*** DATASET EXTRACT Section Begins ***
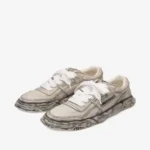 Maison Mihara Yasuhiro Leather Sneakers front view highlighting the toe shape and leather upper.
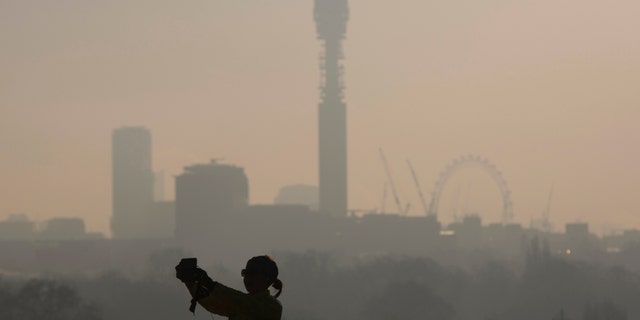 File photo. A woman takes a "selfie" photograph on a frosty morning in Primrose Hill north in London December 30, 2014.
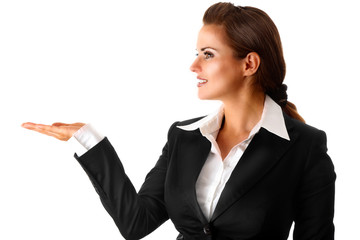 smiling modern business woman presenting something on empty hand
*** DATASET EXTRACT Section Ends ***
### WHAT YOU HAVE TO DO
Give an exact copy of the data, and omit any pictures it holds.

### OUTPUT FOR THIS TASK
 Maison Mihara Yasuhiro Leather Sneakers front view highlighting the toe shape and leather upper.
 File photo. A woman takes a "selfie" photograph on a frosty morning in Primrose Hill north in London December 30, 2014.
 smiling modern business woman presenting something on empty hand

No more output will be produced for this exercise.